Bourse : l’AMMC alerte sur les conseils illégaux et les plateformes de trading frauduleuses
Le siège de l’Autorité marocaine du marché des capitaux (AMMC) à Rabat. Crédit : MAP
Alors que le marché boursier attire un nombre croissant de nouveaux investisseurs, l’Autorité marocaine du marché des capitaux (AMMC) a publié, le lundi 22 décembre, une mise en garde formelle contre deux phénomènes qu’elle juge préoccupants : la diffusion massive de conseils en investissement non autorisés et la multiplication de plateformes de trading à caractère frauduleux. Deux dérives distinctes, mais étroitement liées, qui représentent un risque direct pour l’épargne des particuliers et fragilisent leur confiance dans le marché des capitaux.
L’arnaque des « bons plans »
Le régulateur observe une multiplication de recommandations d’achat ou de vente d’actions diffusées sur les réseaux sociaux, des forums spécialisés ou des groupes de messagerie. Présentées comme des analyses indépendantes ou des « bons plans » boursiers, ces prises de position peuvent relever, dans de nombreux cas, de l’exercice non autorisé de l’activité de conseil en investissement financier.
Celle-ci est strictement encadrée par la loi n° 19.14, qui impose un enregistrement préalable auprès de l’AMMC, assorti d’exigences en matière d’honorabilité, de compétence professionnelle et de prévention des conflits d’intérêts. Autant de garde-fous destinés à protéger l’investisseur et à préserver la transparence du marché.
Au-delà de l’illégalité formelle, l’Autorité souligne que certaines de ces recommandations peuvent dissimuler de véritables stratégies de manipulation. Elle cite notamment la pratique dite du « pump and dump », consistant à susciter artificiellement l’intérêt du public pour un titre afin d’en faire monter le cours, avant que les initiateurs de la recommandation ne se délestent de leurs positions à profit, laissant les investisseurs tardifs exposés à une chute brutale des cours.
Des plateformes de trading frauduleuses
L’AMMC met également en garde contre la prolifération de plateformes de trading potentiellement frauduleuses, dont le modèle repose sur une mise en scène professionnelle et des promesses de gains rapides et élevés. Certaines vont jusqu’à usurper l’identité de professionnels du marché afin de renforcer leur crédibilité. Le scénario est désormais bien identifié : publicités trompeuses, premier dépôt encouragé, affichage de gains fictifs pour inciter à investir davantage, puis blocage des retraits, suivi de la disparition pure et simple de la plateforme.
Le régulateur rappelle toutefois les limites de son périmètre d’intervention. Certaines plateformes de trading, notamment sur les devises ou l’or, ne sont pas soumises à son contrôle. Les escroqueries qui y sont commises relèvent alors exclusivement du droit commun, ce qui complique la prévention en amont et la réparation des préjudices subis par les investisseurs.

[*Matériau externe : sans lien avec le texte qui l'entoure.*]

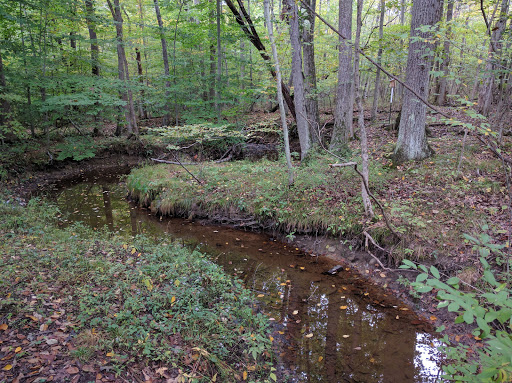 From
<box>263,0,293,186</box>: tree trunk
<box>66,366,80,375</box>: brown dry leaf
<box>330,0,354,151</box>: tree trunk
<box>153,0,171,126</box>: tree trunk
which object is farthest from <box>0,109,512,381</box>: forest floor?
<box>153,0,171,126</box>: tree trunk

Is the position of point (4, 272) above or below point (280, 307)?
above

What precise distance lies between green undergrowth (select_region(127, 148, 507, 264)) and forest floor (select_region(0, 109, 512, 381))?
0.08ft

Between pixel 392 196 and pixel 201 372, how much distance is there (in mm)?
5305

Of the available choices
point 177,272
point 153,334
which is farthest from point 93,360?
point 177,272

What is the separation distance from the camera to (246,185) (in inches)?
339

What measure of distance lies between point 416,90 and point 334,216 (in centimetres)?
368

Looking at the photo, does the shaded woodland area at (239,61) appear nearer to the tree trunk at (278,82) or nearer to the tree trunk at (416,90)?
the tree trunk at (416,90)

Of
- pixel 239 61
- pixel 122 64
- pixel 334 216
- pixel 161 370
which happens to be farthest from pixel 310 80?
pixel 161 370

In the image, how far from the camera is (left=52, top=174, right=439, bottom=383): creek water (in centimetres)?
358

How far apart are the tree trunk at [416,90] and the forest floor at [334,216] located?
14.8 inches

Sur le plan répressif, l’AMMC rappelle que l’exercice non autorisé du conseil en investissement, tout comme la diffusion d’informations financières fausses ou trompeuses, expose leurs auteurs à des sanctions pénales, incluant des peines d’emprisonnement et des amendes. Un rappel qui s’inscrit dans un contexte où la frontière entre information financière, influence numérique et manipulation devient de plus en plus poreuse.
Un dispositif contre les escroqueries
Pour l’Autorité, la vigilance individuelle demeure un levier central de protection. Elle appelle ainsi les investisseurs à se méfier des promesses de rendements garantis, à vérifier systématiquement l’identité et le statut de leurs interlocuteurs et à consulter la liste officielle des conseillers en investissement financier agréés, accessible sur son site institutionnel. Dans une logique de prévention renforcée, l’AMMC annonce par ailleurs le déploiement prochain d’un dispositif digital dédié à la lutte contre les escroqueries d’investissement et rappelle l’existence de son portail d’éducation financière, intitulé « Le marché des capitaux pour tous ».

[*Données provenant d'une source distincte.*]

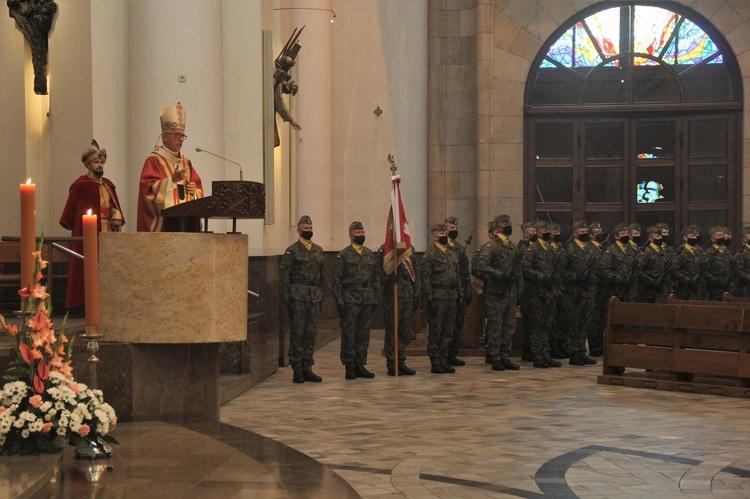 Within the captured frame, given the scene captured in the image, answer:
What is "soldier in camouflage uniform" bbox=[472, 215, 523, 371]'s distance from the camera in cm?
1445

À travers cette mise en garde, le régulateur envoie un signal clair : la démocratisation de l’accès au marché des capitaux ne peut se faire sans un encadrement rigoureux des intermédiaires, une responsabilisation des producteurs de contenu financier et une vigilance accrue face aux nouvelles formes de prédation qui prospèrent à la faveur des réseaux sociaux et de la financiarisation accélérée du grand public.